E3DB Library Core Concepts

Tozny provides a variety of open source libraries and SDKs to perform storage, retrieval, and crypto operations. The libraries are very straightforward, and the following basic concepts will aid in your understanding of the system:

  • E3DB is a JSON Object store: The each record is a set of name/value pairs that you interact with in your native language.
  • Crypto happens in the client library: The value of each field is encrypted separately. Encryption and decryption always happen in the client libraries, not on the server. That’s what’s so great about end-to-end encryption.
  • E3DB Clients: Are any system with a set of E3DB keys. They each have their own client_id, which is a random unique identifier. Create clients in the admin console.
  • Forms: Are a kind of public “bucket” that untrusted parties can write data to. You can create a form in the admin console and include your form token in your HTML code.
  • Record: A record in E3DB is a set of name/value pairs plus metadata. Think of it like a JSON object.
  • Metadata: Records have metadata like content type and the client_id of the writer, as well as free-form tags that can be used to organize or query your data.
  • Content type: A string representing the type of this data. This can be anything that makes sense for your use. For instance a social network might have content types like “friends”, “timeline”, and “account”.
  • Writing: Writing a record is as simple as constructing it, e.g. with a set of name/value pairs and calling the write method. This encrypts the data on the client, transfers it to the server, and returns a record_id.
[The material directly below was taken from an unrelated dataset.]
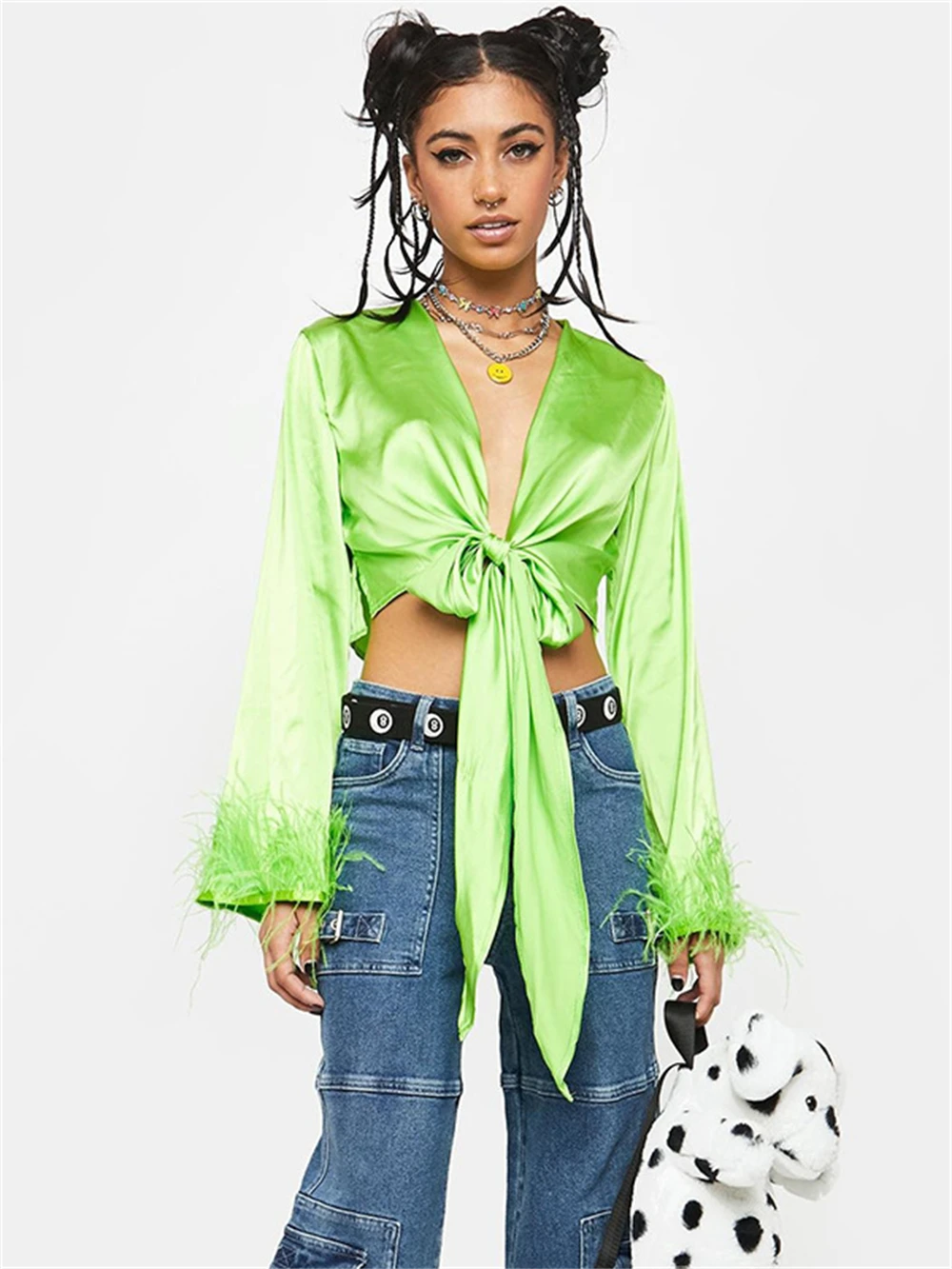 

Women Solid Y2k Sexy Shirt Fairy Grunge Green Bandage Cardigan Female Slim Fashion Club Wear Vintage Street Style Casual Tops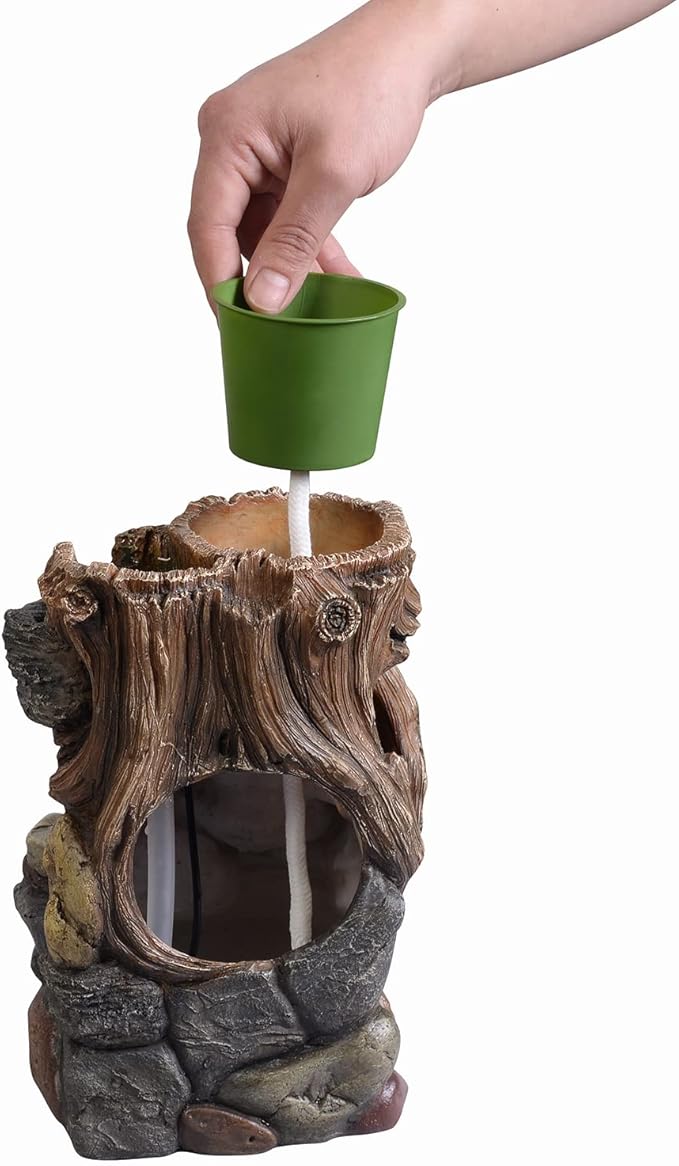 GOSSI Indoor 5-Tier Rockery Tabletop Waterfall Fountain with Auto Watering and Small Plastic Plant Pot, Decorative Home Water Fountain (22021)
  • Reading: You can read a record with a record_id, or after querying. While reading, the data looks like a set of name/value pairs and metadata. For instance, in Java it’s a Map. Under the hood, the data is transferred from the server and decrypted in the client.
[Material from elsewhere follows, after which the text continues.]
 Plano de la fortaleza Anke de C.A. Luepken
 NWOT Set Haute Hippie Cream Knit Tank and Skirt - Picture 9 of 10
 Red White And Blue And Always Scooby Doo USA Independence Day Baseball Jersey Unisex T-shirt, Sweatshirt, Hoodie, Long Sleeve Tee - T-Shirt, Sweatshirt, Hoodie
  • Updating: We provide an atomic update function that lets you safely modify a record. It will fail if the record has been modified since last read.
  • Querying: You can ask E3DB to return a set of records to the client and iterate through that. You can query based on various metadata like content type.
  • Sharing: An E3DB client can share a set of records (e.g. based on their content type) with another client. For instance, a social network might share its timeline data between two users. A cryptographic key exchange occurs to enable this efficiently for a large or small number of clients and data.
  • Publish / Subscribe: A client can subscribe to events relating to a record or a content type so that you receive notifications about new records or changes to records. This uses efficient websockets.
  • Profiles: Your servers, users, developers, and apps can each have multiple “profiles”. That is to say that a given system can have multiple E3DB Clients with their multiple sets of keys. Generally, profiles are stored in ~/.tozny/profile1 ~/.tozny/profile2, etc. Developers might use profiles to distinguish among dev, staging, and production clients. Users might use profiles to distinguish among work and personal clients.